The HGP has been trying for more than a decade to decipher the complete sequence of the human genetic code. Three billion bases pair up to form a single piece of the genetic message, so the process is time-consuming. But the hope is that the research eventually will reveal what genetic patterns cause diseases, with the possibility of cures to follow.
"This is where data mining comes in," Weir says. "We're going to look at data, like a million bits of information per person, maybe a thousand people -- some of which have a disease and some of whom don't -- and then we'll compare those patterns," Weir says.
With the race to decipher the human genome heating up, and in order to maintain a high level of productivity, now more than ever the HGP is resting its hopes on SAS and its technology to help mine and warehouse data.
"Now we're getting into really quite a mess of data mining issues," Weir says.
"We're doing some things, but [we're] certainly having to handle a lot of data, and products like Enterprise Miner, with their warehousing capabilities, are well set up [to handle the task]."
In particular, scientists are using features such as SEMMA (Sample, Explore, Modify, Model, Assess), a built-in guide to help extract data, and decision-tree analysis of SNPs (single nucleotide polymorphisms), genetic markers on the human genome. The data must be managed in a way to keep it logically structured and capable of being easily matched and organized.
Enterprise Miner's decision-tree analysis creates a graphical representation of the data, making it easier to see where all the data fits phenotypically.

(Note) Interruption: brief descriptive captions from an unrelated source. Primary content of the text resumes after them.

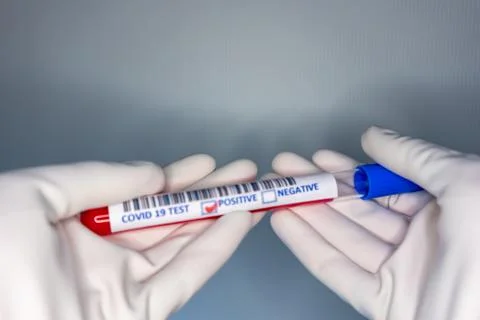 Blurry image of a nurse hands while holding a test tube containing a patients Stock Photos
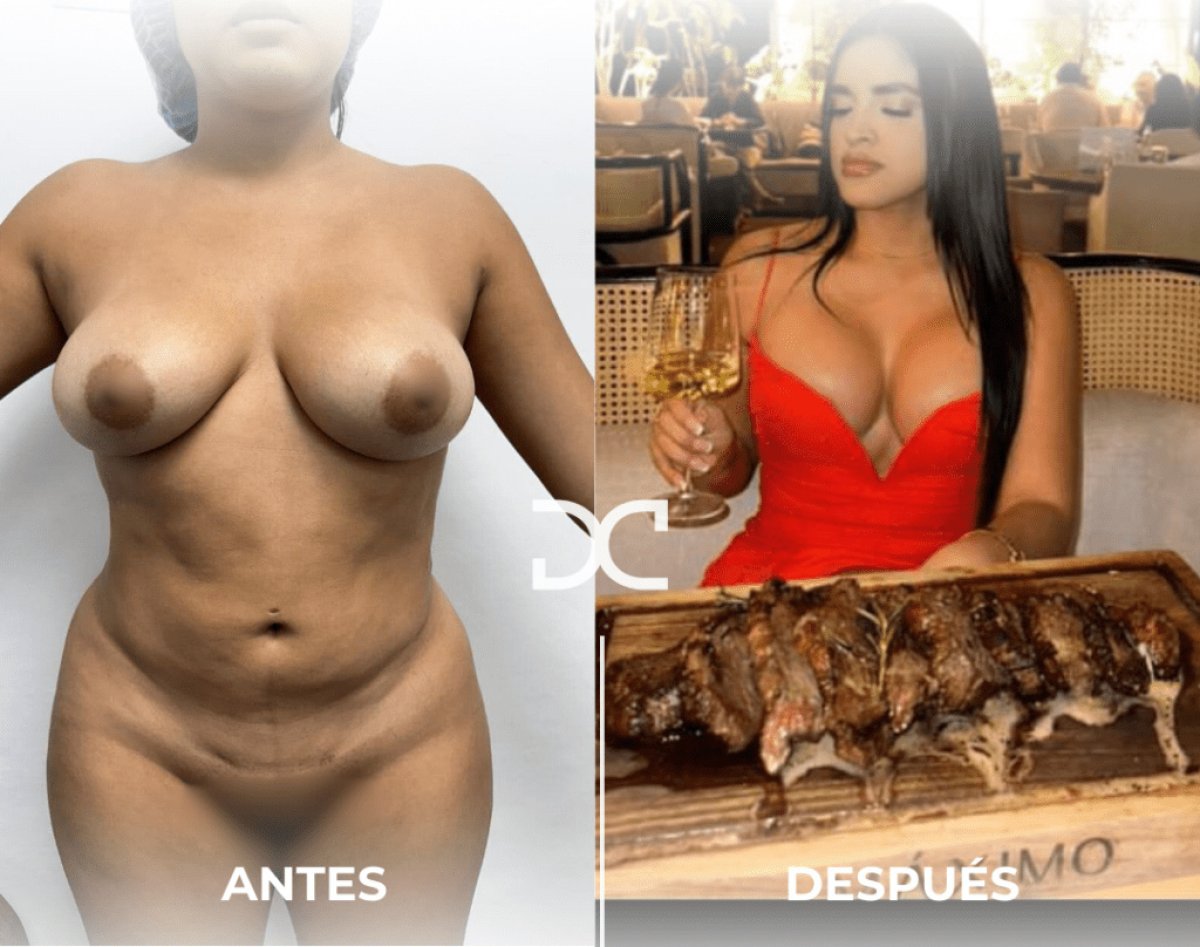 before and after photo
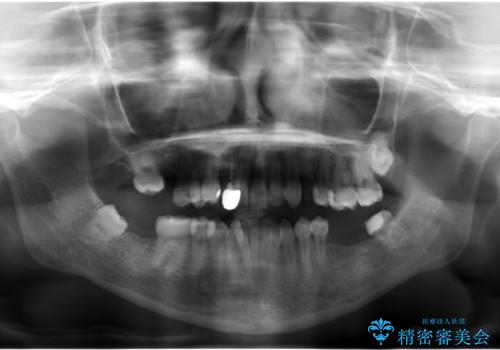あきらめないで!!虫歯でボロボロでも大丈夫! 非抜歯矯正と虫歯、インプラント治療で見違える歯並びに。の治療前
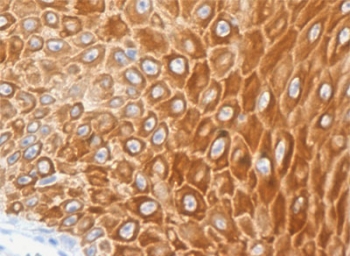 IHC testing of FFPE human skin with recombinant Cytokeratin 16 antibody (clone CTKN16-1R). Required HIER: boil tissue sections in pH6, 10mM citrate buffer, for 10-20 min followed by cooling at RT for 20 min.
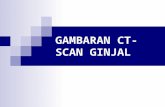 Gambaran CT-Scan Ginjal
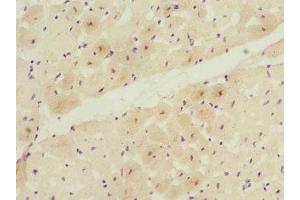 Immunohistochemistry of paraffin-embedded human heart tissue using ABIN7171700 at dilution of 1:100 (TCAP antibody  (AA 1-167))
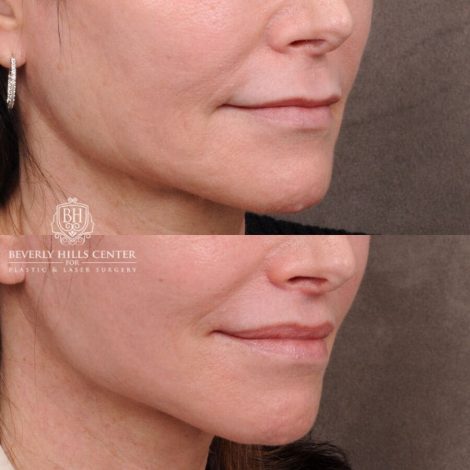 Beverly Hills Center Male Patient Before and After Auralyft, TCA Peel under Eyes, Upper Blepharoplasty, Lip Lift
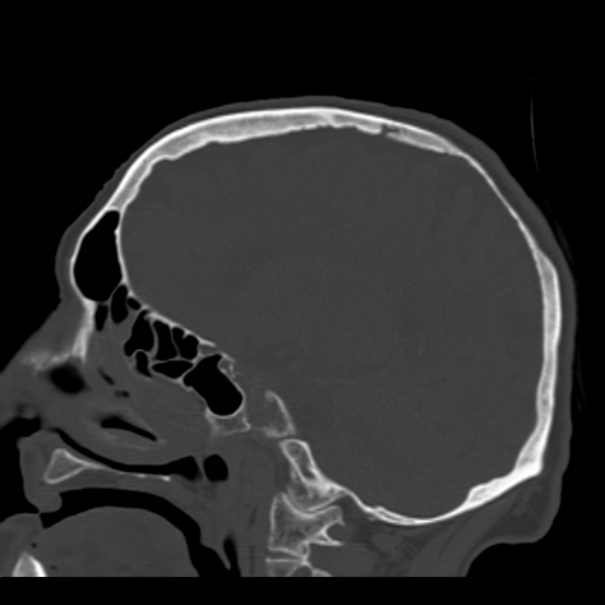 Biparietal osteodystrophy (Radiopaedia 46109-50463 Sagittal bone window 65).jpg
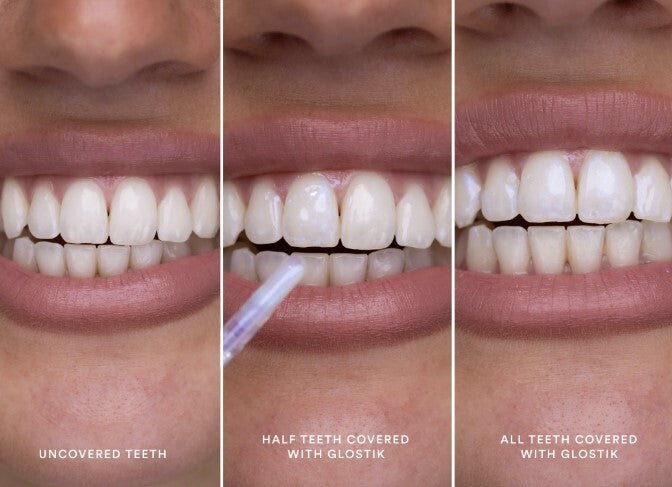 hismile - Glostik Tooth Gloss 4ml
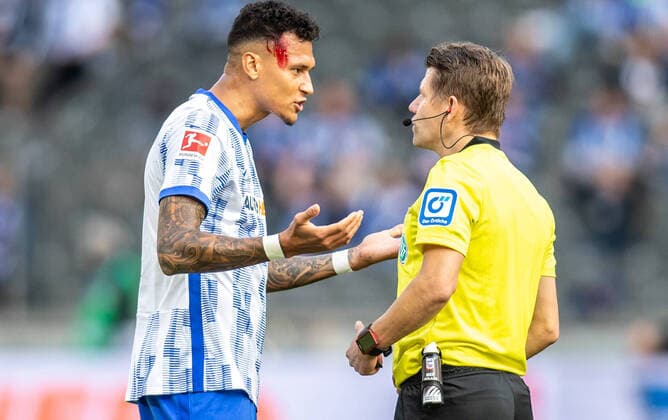 Bilder des Jahres 2021, Sport 10 Oktober Sport Themen der Woche KW39 Sport Bilder des Tages Berlin, 02.10.2021, Fussball, Bundesliga, 7. Spieltag, Hertha BSC - SC Freiburg, Olympiastadion. Berlins Davie Selke hat blutende Kopfwunde und spricht mit Schiedsrichter Patrick Ittrich (r). DFL regulations and DFB regulations prohibit any use of photographs as image sequences and or quasi-video, Foto: Andreas Gora Hertha BSC - SC Freiburg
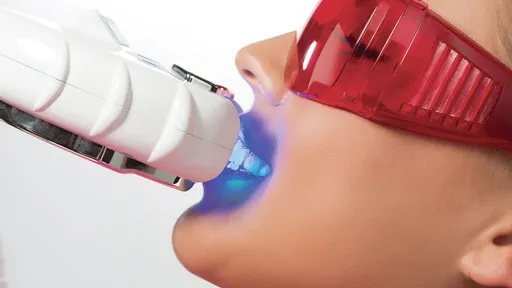 Bali Smile Teeth Whitening Seminyak 2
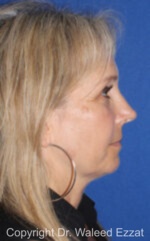 Caucasian/European Rhinoplasty - Case 341 - After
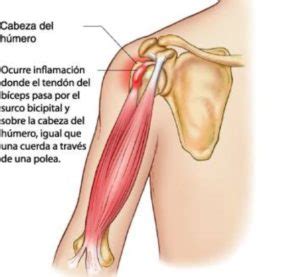 Tendinopatía de hombro derecho causas y tratamiento efectivo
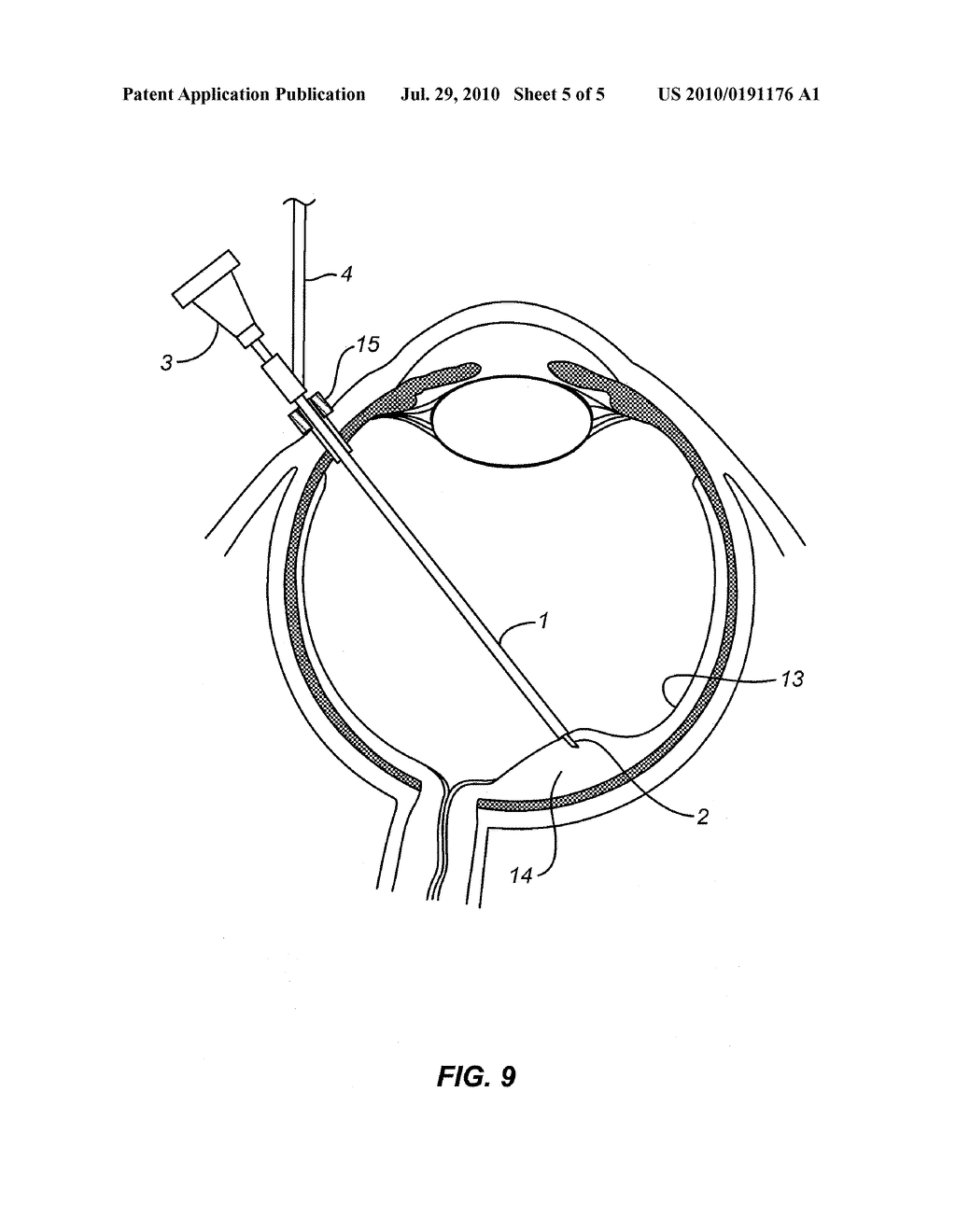 SUBRETINAL ACCESS DEVICE - diagram, schematic, and image 06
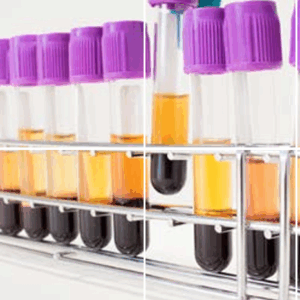 Diagast Immunohaematology QC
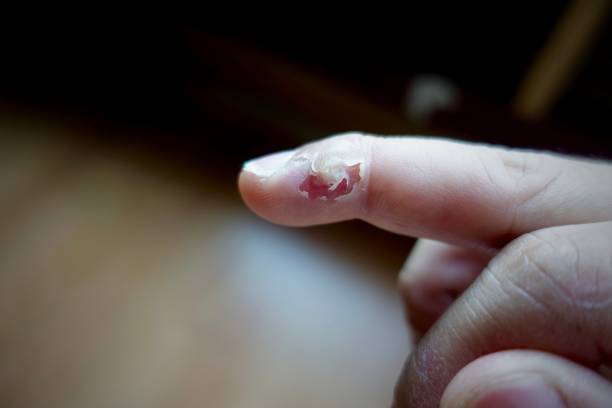 istock treatment wart on finger by salicylic acid 969255908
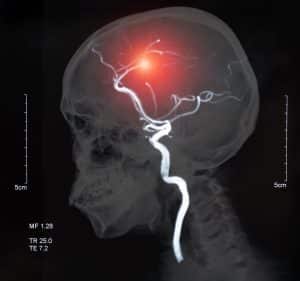 A New Worry About Falling and Hitting Your Head: A Higher Risk of Stroke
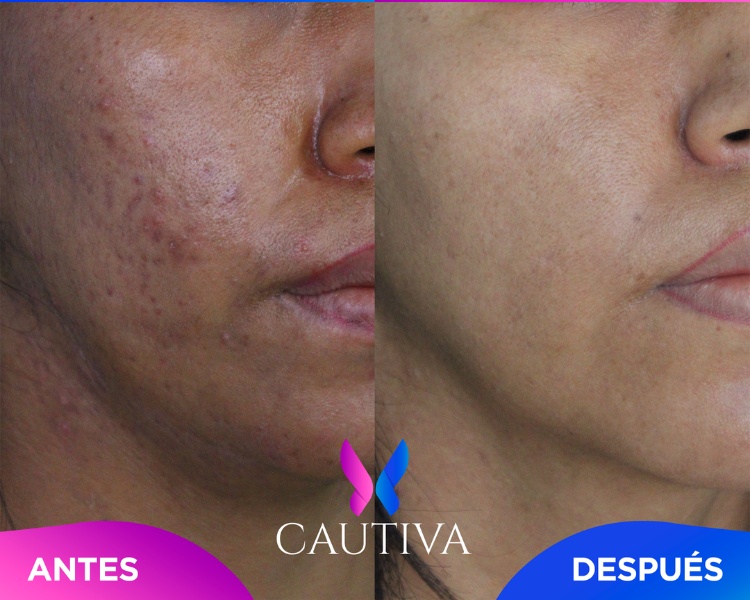 Facial-Secuelas de Acne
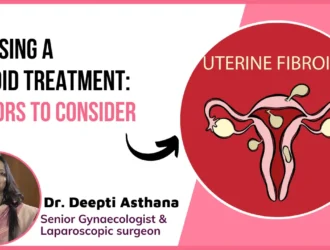 Fibroid Treatment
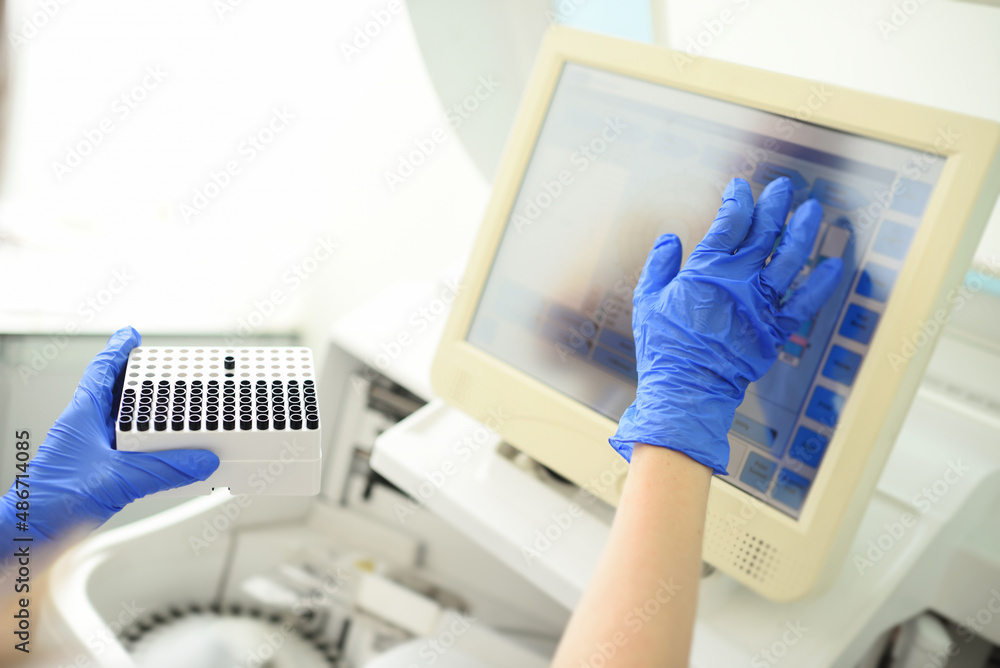 an employee of a medical bacteriological laboratory holds a container with test tubes in his hands against the background of the analyzer. an employee of a medical bacteriological laboratory holds a container with test tubes in his hands against the background of the analyzer.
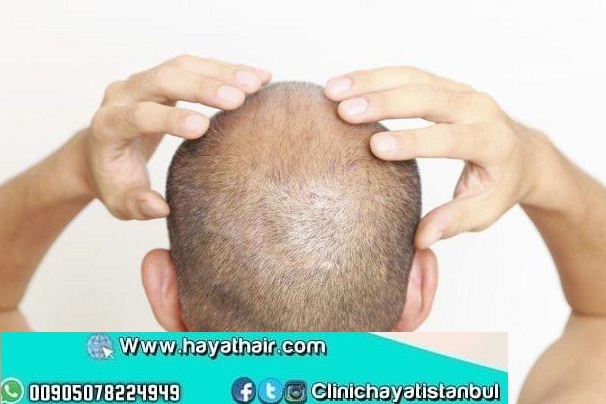 طرق علاج الحكة بعد زراعة الشعر
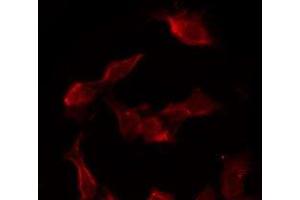 ABIN6276721 staining COS-7 by IF/ICC. (CST3 antibody)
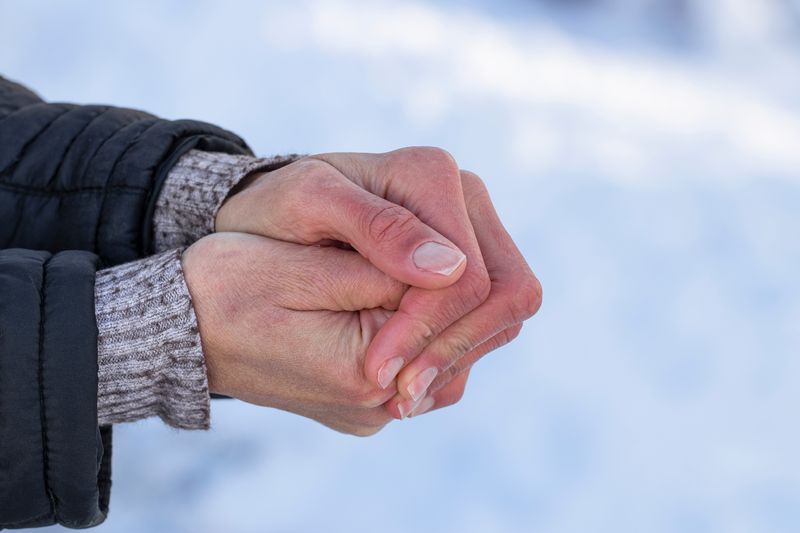 Frostbitten hands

To further aid HGP scientists, SAS Institute has developed several features specifically for mining genomic data, providing a filter for false alarms, or "noise" of SNPs that may look like they are markers signaling an abnormality but really aren't. The company also has provided a tool that looks at how different markers relate to each other, and a tool that helps factor in family history patterns.
"Those people [at SAS] are used to seeing lots of data, and in the medical community we're not, so we're feeling a bit overwhelmed," Weir concedes.
The hope is that once the genome project is complete, doctors will be able to match drugs specifically for gene types and, taking gene therapy to new levels, cure or predict genetic malformations.
Make no mistake about it: The race to find cures to diseases such as Alzheimer's may rest in the hands of these scientists and the data mining solutions that SAS provides.